I will openly admit that I dislike organized religion. A person’s spirituality and connection to the divine should be personal, with no need of middlemen or interpreters such as prophets and clergy. Not only does this practice make a person’s connection with their god impersonal, but it also requires people to form their beliefs according to their religion’s views. There are so many belief systems around the world, why should you have to conform to fit the one you were ‘born’ into when you can instead choose another that fits what you already believe?

“Because my god tells me this is what I should believe/do” is likely to be one of the main arguments.

This baffles me. I cannot, for the life of me, understand this response. If my gods were to tell me that it is perfectly acceptable to be intolerant to a specific group of people because they are ‘inferior’, or harass/convert them because they were different from me, I would pretty much tell those gods to go screw themselves and cut all ties with them. Having a complete stranger tell me that my gods say this would be adding insult to injury. I chose to accept my patron because I wholeheartedly believe in what he believes, or at least believe that he will guide me to becoming a better person—not a prophet or a priest, nor a book of edicts and commandments, but that he himself would act as my mentor.

“Because my god tells me this is what I should believe/do” is usually accompanied by the unspoken statement, “…or else.”

I understand that monotheists are placed in a difficult situation by this phrase—they want to be safe from the wrath of their god, and have literally only two options—obey and hope for the rewards promised to them, or rebel and suffer eternally. All this really dwindles down to is rule by fear and force, and in my opinion, any entity (be it human or divine) who uses this method of control is not worthy of my time or respect.

Lucifer vs. the Christian God?

I have quite a few born-again christian friends, and I always wonder how they’d react if I told them I was pagan. Then I wonder what they’d say if I said I honored Lucifer as my patron deity.

Lets ignore for a moment the concept of heaven and hell. Lets forget the business of sin and salvation. Focusing on the here and now, how would we compare our gods? Bear in mind, I’m not basing their god’s qualities on what I believe, but rather what they preach.

Well, lets see. They say their god is love, right? He brings freedom. He is the way, the truth, and the lifeHe who created light.

Lucifer, in his guise as a serpent, temped Eve in to eating from the tree of knowledge. What is knowledge but acquired truth? Thus, humanity was granted the ability to discern good from evil—freedom from ignorance.

Lucifer inspires me to live life to its fullest, without fear of what may or may not occur after death. He taught me to love, rather than hate.

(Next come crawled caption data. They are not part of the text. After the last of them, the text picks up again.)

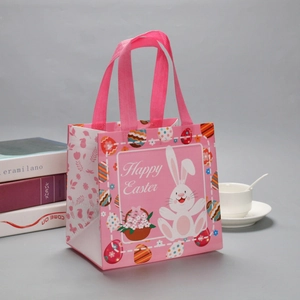 Pink Easter non-woven gift bag featuring bunny, colorful eggs, and Happy Easter text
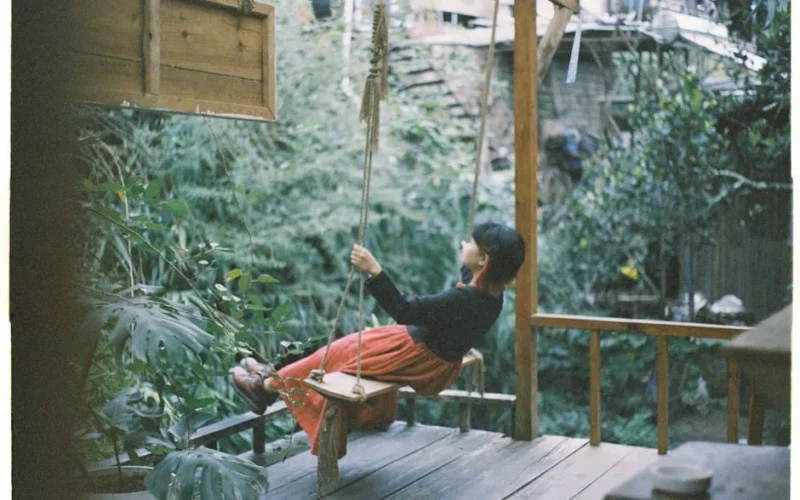 Woman in a garden sitting on a swing, enjoying nature and tranquility.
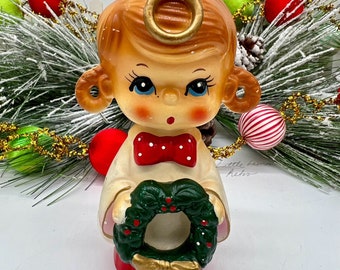 Blume large caroling girl figurine with pigtails and large Christmas wreath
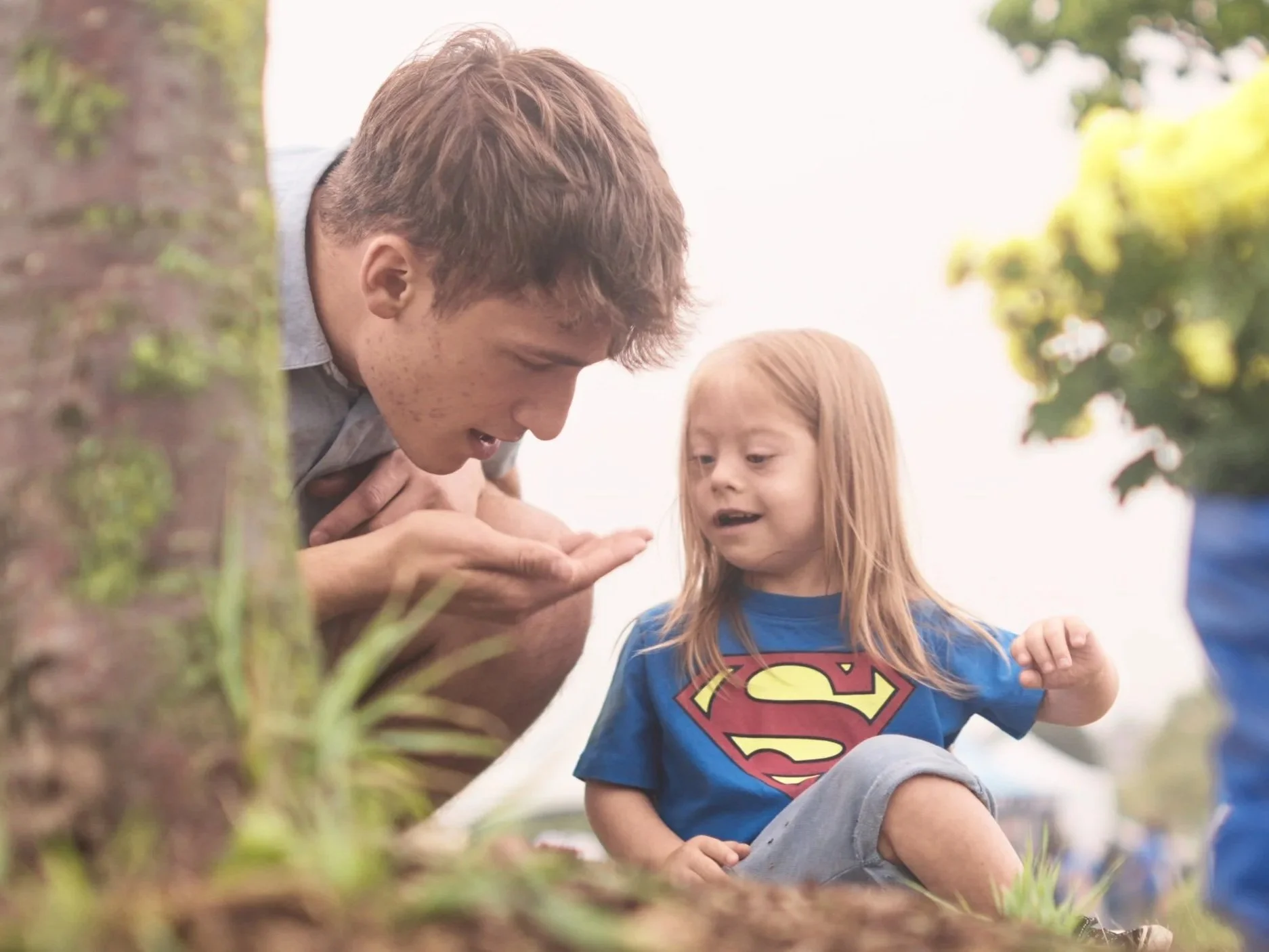 A young man and a girl, dressed as Superman, are outdoors near a tree. The man is showing something on his hand to the girl, and they appear to be curious and happy. The girl has long red hair and is wearing a blue shirt with a Superman logo.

Lucifer literally means ‘light bearer’.

But our gods cannot be one and the same—on this we can agree.

They pray to their god on their knees, willing to serve. I pray to mine on my feet, as an equal. Their god is said to be perfect and almighty, my god is flawed and almost human, susceptible to temptation and ‘sin’. Their god is above the standards he creates, because he is God. My god preaches what he lives. Their god brings them into this world with guilt, as a sinner (‘original sin’)—my god accepts me as who I am with all my flaws and imperfections, with the potential for greatness. Their god demands that everyone love him—mine demands that I love myself and the life around me.